La Commission sous pression
Ainsi, sans surprise, de nombreux industriels militaient depuis 2018 et le lancement du plan d'action européen sur la finance durable pour l'intégration de leurs propres activités dans la précieuse liste, en mettant en avant leur rôle dans la préservation du climat. Un lobbying appuyé par plusieurs des Etats membres eux-mêmes, parmi lesquels une dizaine menaçaient début 2021 d'opposer leur veto à des critères « trop stricts », qui seraient focalisés sur les seules énergies renouvelables.
Résultat : alors qu'à l'origine, le cadre éloignait a priori d'office le gaz fossile des sources d'énergie « vertes » (seules celles émettant moins de 100 grammes de CO2eq par kilowattheure (KWh) devaient y figurer), Bruxelles s'est résolue à ajouter à la taxonomie une catégorie plus extensive, les « activités de transition ». C'est-à-dire celles « non compatibles avec la neutralité climatique », mais qui, en l'absence d'alternatives, s'inscrivent dans une trajectoire « nécessaire » de décarbonation. Concrètement, la Commission a finalement relevé le seuil de 100 à 270 g de CO2 par kWh pour les centrales à gaz obtenant leur permis de construire avant la fin 2030, selon le document envoyé aux Etats.

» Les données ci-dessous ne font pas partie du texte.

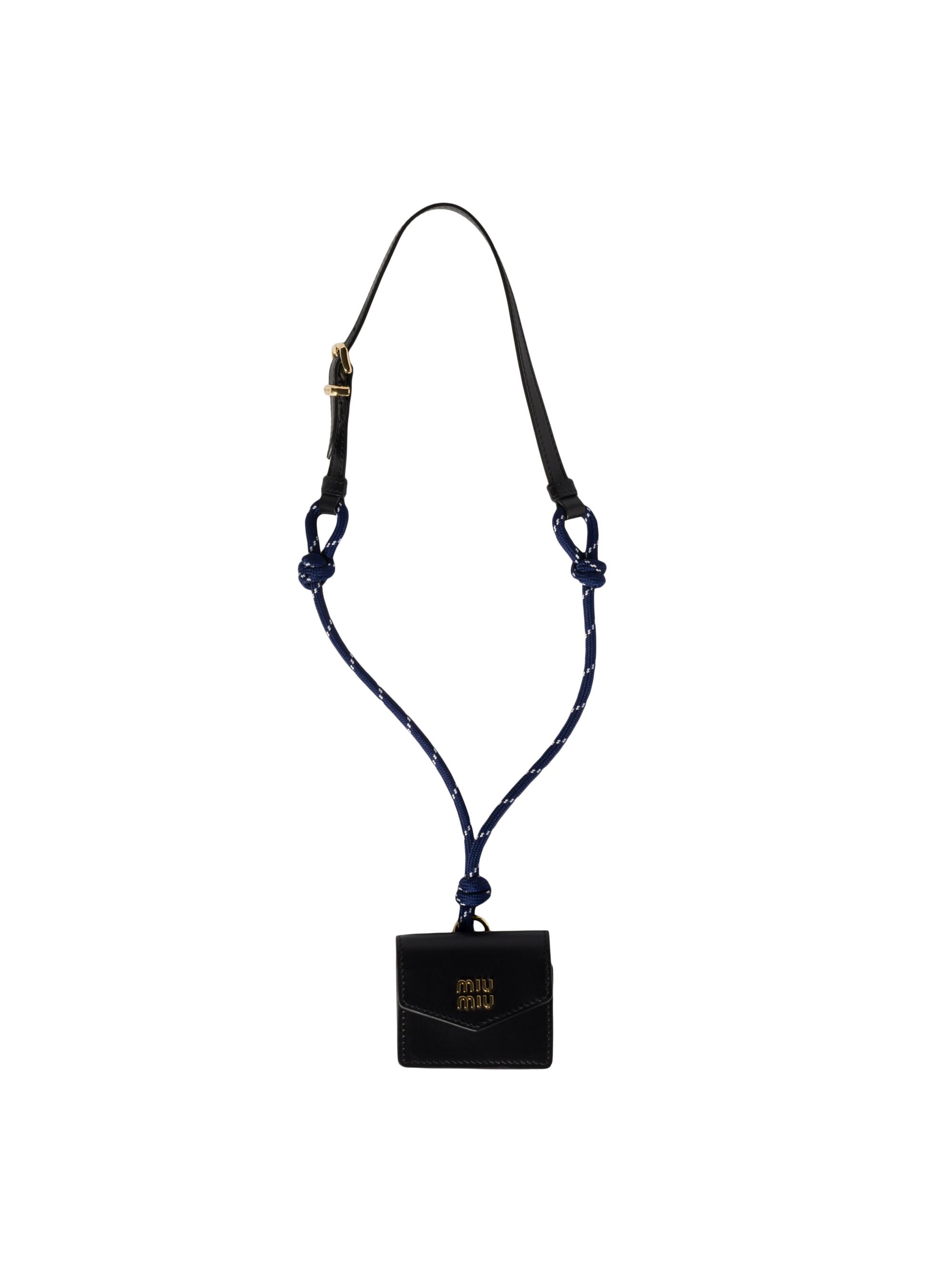 Miu miu レザー トリック　バッグチャーム 0400023076277_BLACK?wid=600&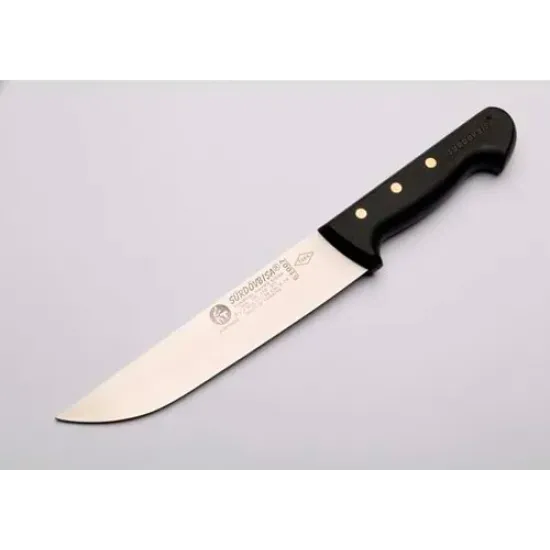 Sürmene Sürdövbısa 61007 Kasap Bıçağı 18,5 cm, Plastik Sap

« Le gaz a un rôle à jouer dans la décarbonation de l'économie. A court terme, [il] permet de remplacer rapidement le charbon dans la production électrique en Europe (ce qui permettra une division par deux des émissions de CO2) et le soutien à la pénétration de l'électricité renouvelable, intermittente, dont les capacités de production vont croître massivement dans les prochaines années dans l'Union Européenne, et qui devront nécessairement s'appuyer sur des moyens de flexibilité, en particulier les centrales à gaz », réagit-on chez Engie, le premier fournisseur de gaz naturel en France.
Mais cette modification constitue un « recul pour l'environnement », estime Greenpeace France. « Encourager les investissements dans le gaz fossile en le classant comme énergie transitoire vers la neutralité carbone ne fera qu'exacerber son impact dévastateur sur le climat », a rapidement réagi l'ONG. Reste que le seuil de 270 g CO2/kWh s'avère moins élevé que celui retenu dans une note qui circulait début décembre à Bruxelles, alors approuvée par la France et relayé par Euractiv, et qui proposait d'aller jusqu'à 340g CO2/kWh.
Par ailleurs, les centrales en question devront répondre à une série d'autres critères, notamment remplacer des infrastructures existantes beaucoup plus polluantes, puisque « l'Etat membre doit s'engager à sortir du charbon », peut-on lire. Mais aussi utiliser « au moins 30 % de gaz renouvelable ou peu carboné dès 2026 » (comme l'hydrogène produit par électrolyse de l'eau ou le biométhane), part relevée à « 55 % en 2030 ». Enfin, dès 2031, le seuil d'émissions du gaz reviendra à moins de 100 g de CO2 par kWh, un chiffre impossible à atteindre avec les technologies actuelles, selon des experts. Et celui-ci pourra encore être revu à la baisse tous les trois ans.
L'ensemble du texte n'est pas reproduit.